What the task asks: The following data is to be repeated exactly, its pictures excluded.

Data provided:
********
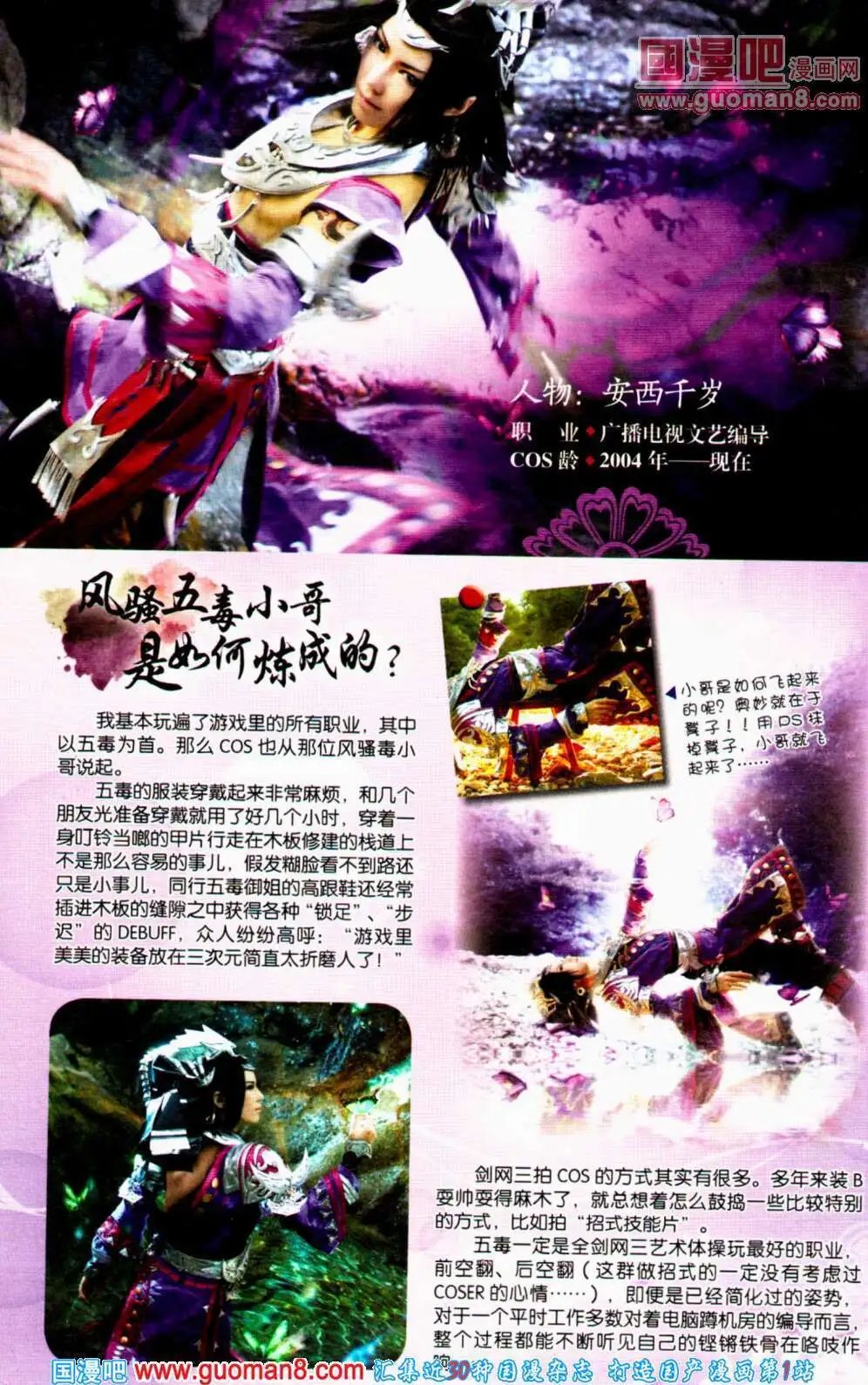第353期 全本
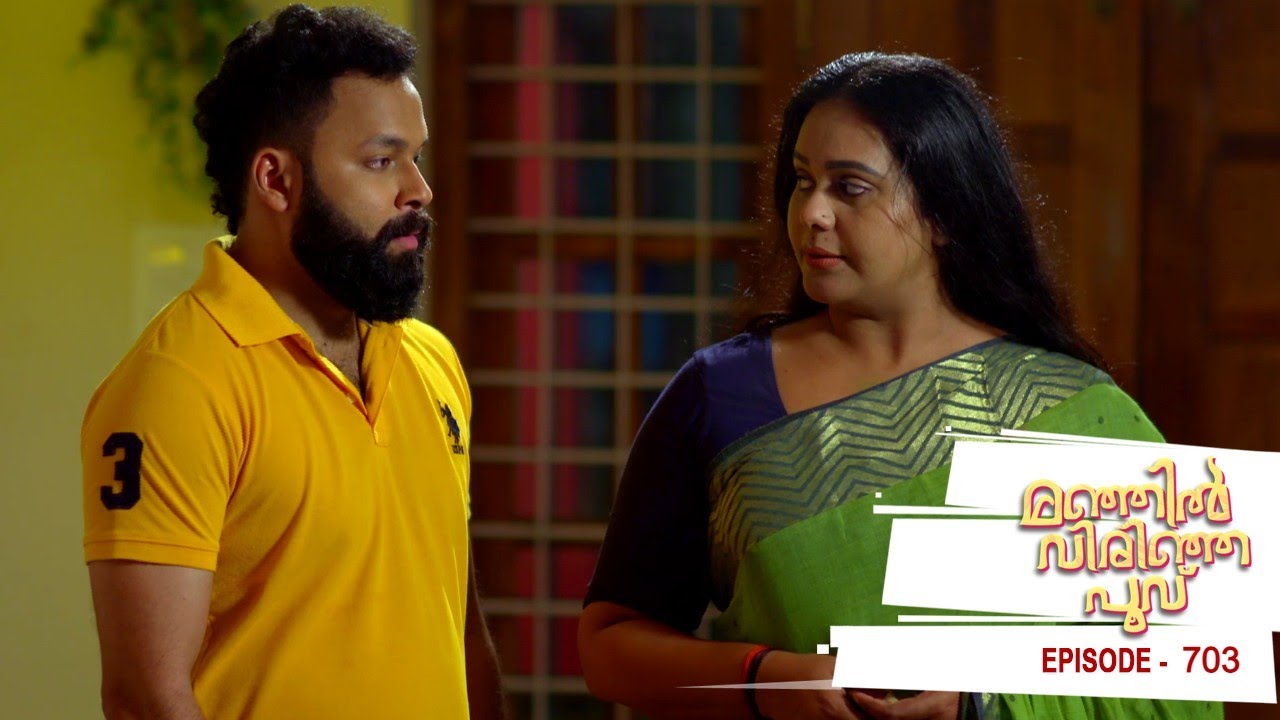 Ep 703  | Manjil Virinja Poovu | Raghuraj gets confused in front of Mallika's determination!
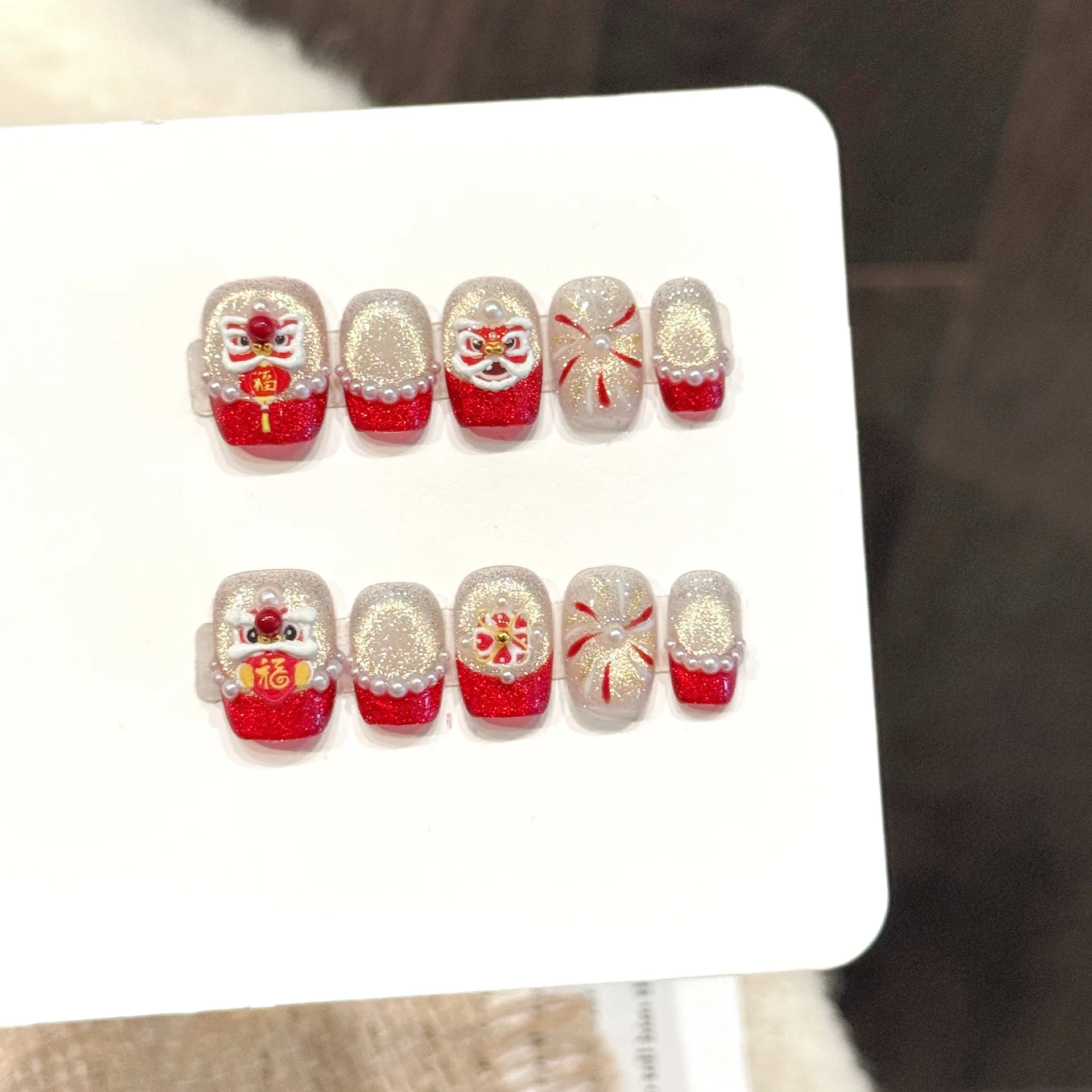 

10pcsHandmade Short Press On Nails Red French Style Shiny Cat Eye New Year Waking Lion Design Cute Fake Nails Wearable Nails Art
********
Exercise result:
第353期 全本
 Ep 703  | Manjil Virinja Poovu | Raghuraj gets confused in front of Mallika's determination!

10pcsHandmade Short Press On Nails Red French Style Shiny Cat Eye New Year Waking Lion Design Cute Fake Nails Wearable Nails Art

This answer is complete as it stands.